- AVAILABLE DATA

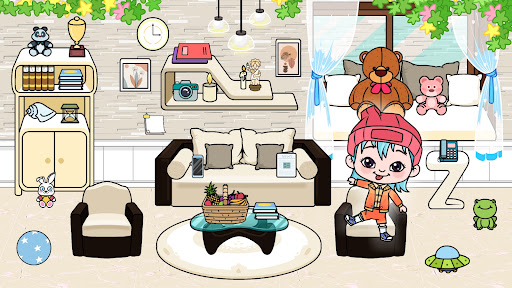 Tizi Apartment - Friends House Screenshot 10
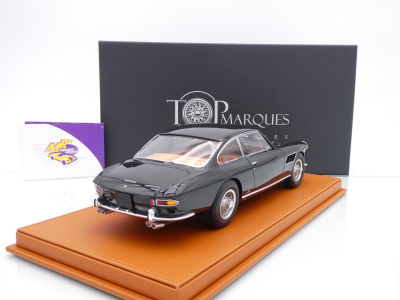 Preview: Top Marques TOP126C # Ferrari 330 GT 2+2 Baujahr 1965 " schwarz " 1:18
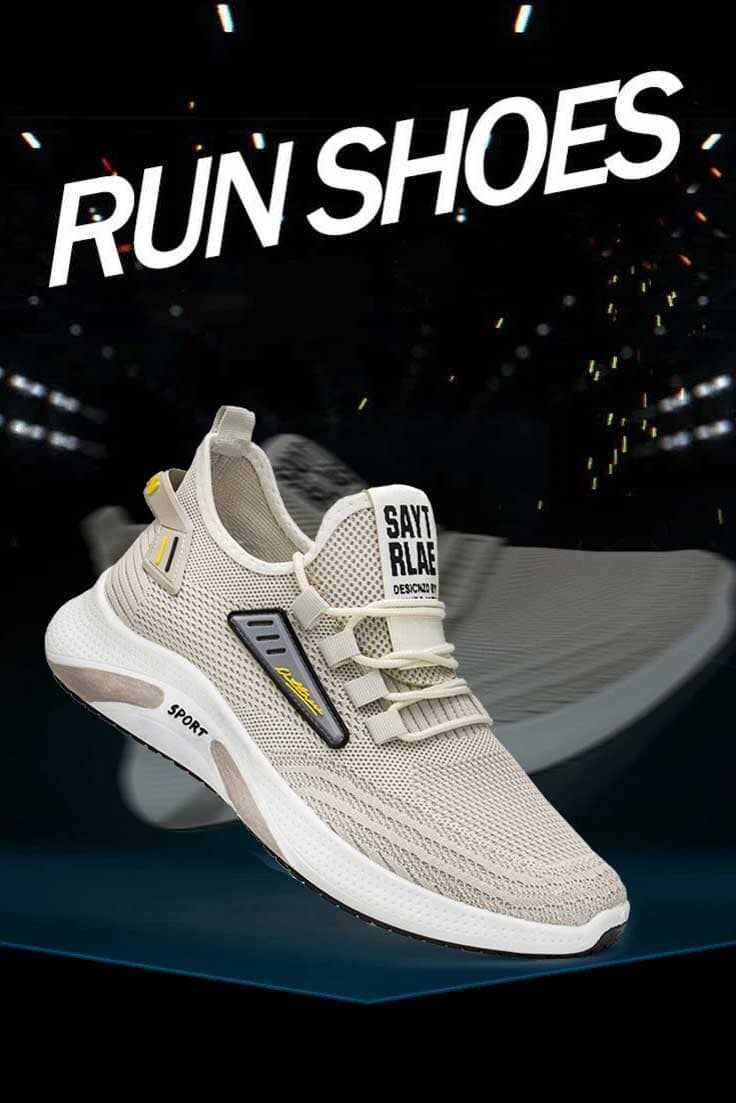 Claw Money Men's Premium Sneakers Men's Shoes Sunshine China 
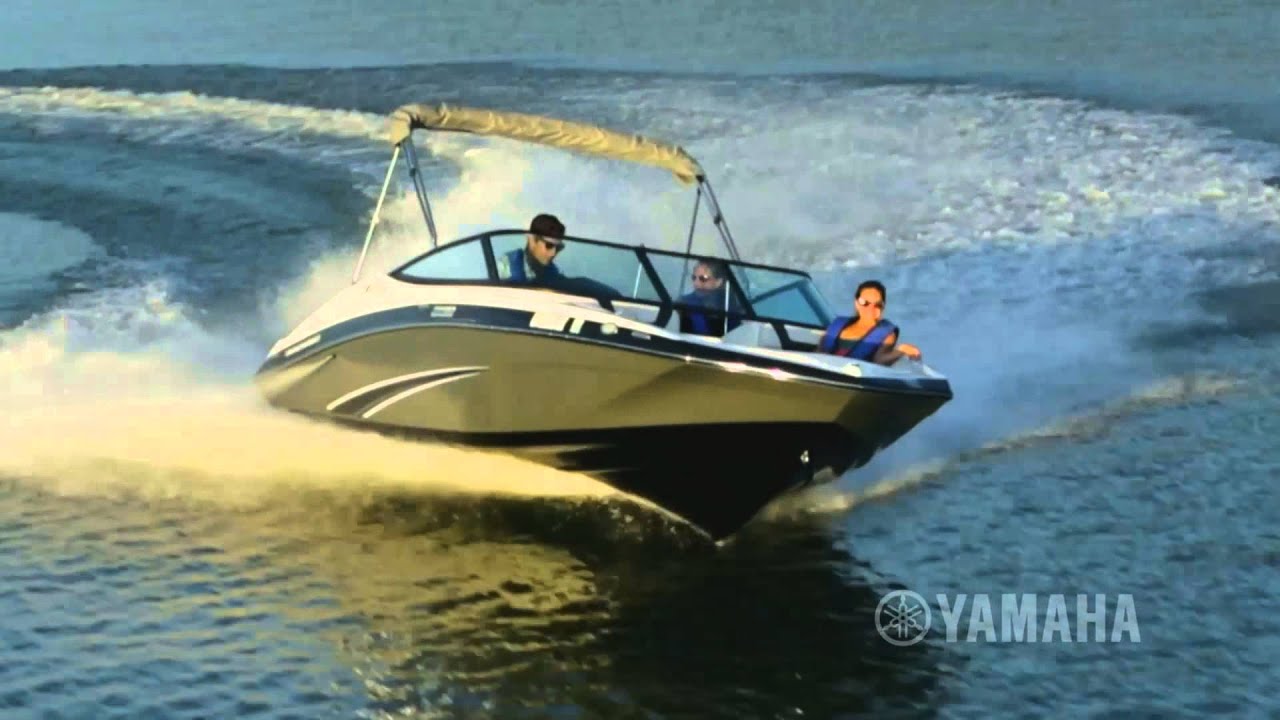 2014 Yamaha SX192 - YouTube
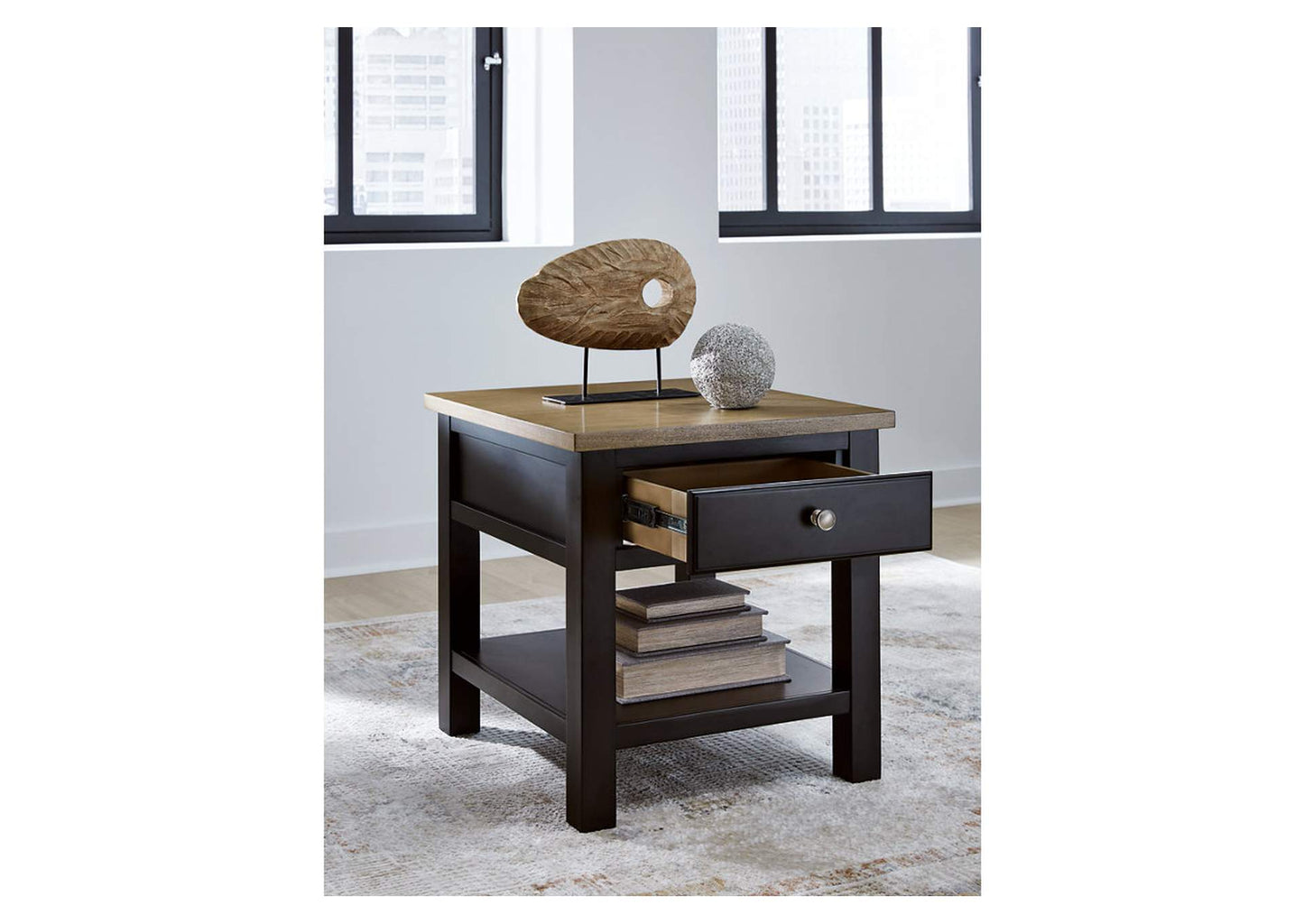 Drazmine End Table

* * *

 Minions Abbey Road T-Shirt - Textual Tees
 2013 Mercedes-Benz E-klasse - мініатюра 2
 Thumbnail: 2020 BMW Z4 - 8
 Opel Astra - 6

- EXERCISE
What you return must match, character for character, the lines above from the one with "Tizi Apartment - Friends House Screenshot 10" through the one with "Drazmine End Table", minus any pictures.

- TASK RESPONSE
 Tizi Apartment - Friends House Screenshot 10
 Preview: Top Marques TOP126C # Ferrari 330 GT 2+2 Baujahr 1965 " schwarz " 1:18
 Claw Money Men's Premium Sneakers Men's Shoes Sunshine China 
 2014 Yamaha SX192 - YouTube
 Drazmine End Table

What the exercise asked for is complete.